N. Korea parliament meets but Kim absent ahead of summits

575

 SEOUL, South Korea, April 12, 2018 (BSS/AFP) – North Korea’s parliament has met to rubber-stamp Kim Jong Un’s policies, but the leader himself was conspicuously absent as he prepares for two key summits with South Korea and the US.

Kim had been present at six out of eight previous Supreme People’s Assembly (SPA) sessions held since he officially became party head six years ago, according to the South’s Unification Ministry.

But he appeared to skip Wednesday’s meeting, with the official KCNA news agency failing to mention his attendance in its report of the meeting Thursday.

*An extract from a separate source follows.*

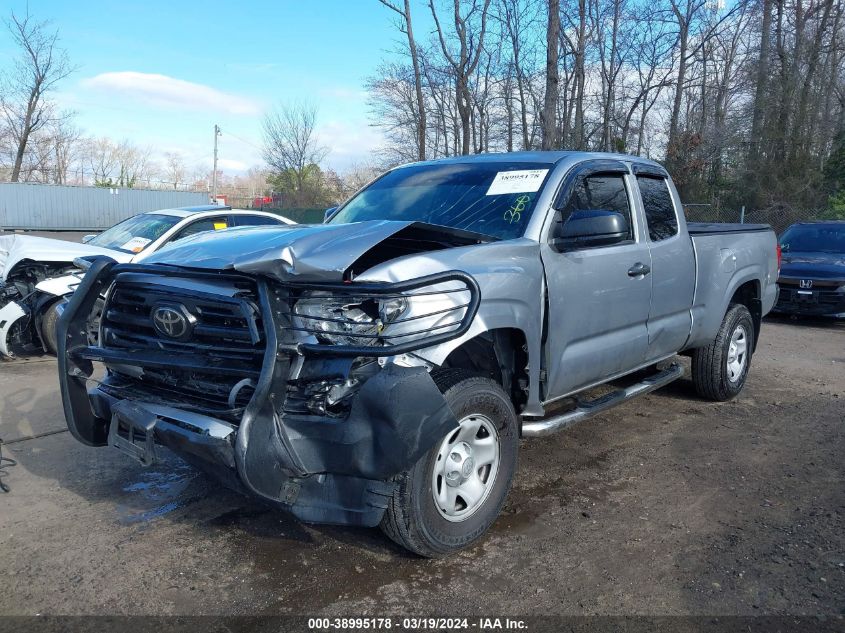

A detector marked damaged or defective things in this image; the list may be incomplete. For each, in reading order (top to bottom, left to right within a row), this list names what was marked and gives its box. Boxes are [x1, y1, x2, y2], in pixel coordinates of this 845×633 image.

Photos carried by the North’s official Rodong Sinmun newspaper showed an empty seat at the centre of the head table in Pyongyang’s cavernous Mansudae Assembly Hall, presumed to be Kim’s.

Instead, the session focussed on North Korea’s budget and changes in leadership personnel.

Kim is due to meet with the South’s Moon Jae-in later this month, and is expected to meet US President Donald Trump weeks later.

On Monday he briefed party members on talks with the South and the “prospect” of dialogue with the US, in an unusually well-publicised politburo meeting.

Officials in the South had earlier said they were watching the SPA closely for “any changes to policy directions”.

But KCNA reports on the meeting focussed on budgetary matters, with the nuclear-armed state’s national defence allocation remaining almost unchanged at 15.9 percent.

The North confirmed that Hwang Pyong So — once seen as one of Kim’s closest aides — had been “dismissed” from his post as the vice chairman of the State Affairs Commission along with three other officials.

Seoul’s spy agency said last year that Hwang and Kim Won Hong, the head and deputy head of the military’s powerful General Political Bureau, had been punished for showing “impudence” towards the party.

All of the dismissals were made “at the proposal of the chairman of the State Affairs Commission”, a post held by Kim Jong Un.

The SPA is technically North Korea’s highest state institution.

But votes at the rubber-stamp institution are invariably unanimous, with delegates from across the country travelling to Pyongyang simply to listen to speeches and wave through decisions by a show of hands.